Closed lightsailpro closed 2 years ago
@lightsailpro, thank you for your question! We are leveraging the multi-GPU settings defined in the HuggingFace library (you can check this documentation to get more details about the supported strategies).
The most straightforward strategy is DataParallel
. If you are using a notebook for training, you should just set the visible GPUs at the beginning by running:
import os
os.environ["CUDA_VISIBLE_DEVICES"]="0,1"
If you are using a python script you should run the following command:
CUDA_VISIBLE_DEVICES=0,1 python $YOUR_SCRIPT --{arguments}
Thanks for the quick response. Will try later.
❓ Questions & Help
Details
In this document page - https://nvidia-merlin.github.io/Transformers4Rec/main/training_eval.html, it mentions training on a single machine with multiple GPUs using DataParallel approach.
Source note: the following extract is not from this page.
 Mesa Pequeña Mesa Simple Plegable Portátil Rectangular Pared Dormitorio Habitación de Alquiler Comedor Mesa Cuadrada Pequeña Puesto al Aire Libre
But the doc does not seem to mention how other than "fp16=True" compared with the example code in https://github.com/NVIDIA-Merlin/Transformers4Rec/tree/main/examples/getting-started-session-based. I have two V100 GPUs. I noticed that only 1 GPU is used by the trainer by default. Do I need to do sth like "model = nn.DataParallel(model)", or is there any setting to turn on the T4RecTrainingArguments? Any example code will be much appreciated.